NEW YORK (AP) — The political equivalent to NBA first pick Zion Williamson is unclear, but CNN this week brings the showmanship of sports draft lotteries to the presidential campaign by televising its drawing to set the lineup for the second Democratic debate.
CNN will unveil stage positions Thursday at 8 p.m. EDT for the 20-candidate debate, scheduled for July 30 and 31.
For CNN, which has been touting the draw onscreen, it’s an attempt to create an event out of virtually nothing that also promotes its debate coverage. But the program has also received criticism for making the nomination process seem like a game show.
The large number of candidates created the need for a lottery. Democratic officials, candidates and the networks are wary so early in the campaign about creating a two-tiered debate that has one with “major” candidates and one with those who are less popular.
CNN has released few details about how it will be handled on Thursday, and did not make an executive available to talk. The network will reveal the 20 candidates participating on Wednesday.
NBC had a similar drawing before its first debate last month, but it was held without cameras in a conference room at the network’s New York headquarters. There were two large boxes, one with the names of candidates with less than 2 percent in the polls, the other with candidates who had more support. NBC’s standards chief Marian Porges selected one name from each box to put on one of two easels representing the two debate nights.
Campaign representatives attended, and mostly quietly texted the news to colleagues elsewhere. It all took less than 10 minutes, according to someone who was in the room who requested anonymity because they were not authorized to speak publicly.
The CNN event seems reminiscent of sports leagues like the NBA that televise lotteries and the player drafts themselves.
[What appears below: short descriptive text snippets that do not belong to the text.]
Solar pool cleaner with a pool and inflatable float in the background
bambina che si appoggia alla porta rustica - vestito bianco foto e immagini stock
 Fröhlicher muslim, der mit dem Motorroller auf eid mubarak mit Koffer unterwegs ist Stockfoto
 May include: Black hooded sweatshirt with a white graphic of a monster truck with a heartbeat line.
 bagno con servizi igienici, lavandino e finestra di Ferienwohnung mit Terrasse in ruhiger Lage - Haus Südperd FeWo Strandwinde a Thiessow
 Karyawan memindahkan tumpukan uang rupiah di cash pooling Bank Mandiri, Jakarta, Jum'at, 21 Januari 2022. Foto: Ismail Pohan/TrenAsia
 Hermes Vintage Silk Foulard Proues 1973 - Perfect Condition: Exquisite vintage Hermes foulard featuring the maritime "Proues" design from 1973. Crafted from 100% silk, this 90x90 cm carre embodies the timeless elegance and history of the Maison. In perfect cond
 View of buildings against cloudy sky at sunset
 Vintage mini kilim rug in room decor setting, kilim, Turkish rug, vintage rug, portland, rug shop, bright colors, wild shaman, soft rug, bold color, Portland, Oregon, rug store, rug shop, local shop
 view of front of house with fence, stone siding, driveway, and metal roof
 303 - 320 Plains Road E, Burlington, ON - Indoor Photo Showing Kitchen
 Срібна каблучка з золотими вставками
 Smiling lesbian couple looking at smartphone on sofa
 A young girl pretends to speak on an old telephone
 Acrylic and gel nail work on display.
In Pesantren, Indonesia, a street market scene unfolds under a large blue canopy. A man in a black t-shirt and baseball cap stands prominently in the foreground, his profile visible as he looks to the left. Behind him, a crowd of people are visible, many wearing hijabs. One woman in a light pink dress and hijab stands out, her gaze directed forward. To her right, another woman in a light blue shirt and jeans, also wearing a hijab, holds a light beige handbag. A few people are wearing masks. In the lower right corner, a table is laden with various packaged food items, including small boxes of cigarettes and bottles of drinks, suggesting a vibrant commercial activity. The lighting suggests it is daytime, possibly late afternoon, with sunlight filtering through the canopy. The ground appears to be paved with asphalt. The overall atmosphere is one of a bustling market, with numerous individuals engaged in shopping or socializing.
They’re popular with hopeful fans, and ABC this year was the first broadcast network to televise the NFL draft in prime-time.
CNN chief Jeff Zucker is both a sports fan and creative programmer whose roots include running NBC’s entertainment division during the era of Donald Trump’s “Apprentice” and the “Today” show before that.
“It doesn’t reek of presidential stature to me,” said Mark Lukasiewicz, a former NBC News executive now dean of Hofstra University’s communication school.
Lukasiewicz said he understood the instinct to build an audience and anticipation for the debate, probably the last in this cycle with such a large group of candidates. But, he said, “it’s another step in the game-ification of the primary process, and I’m not sure that’s a good thing.”
Lynne Adrine, director of Syracuse University’s Washington-based graduate program in broadcast and digital journalism, said television already has too much non-substantive campaign coverage.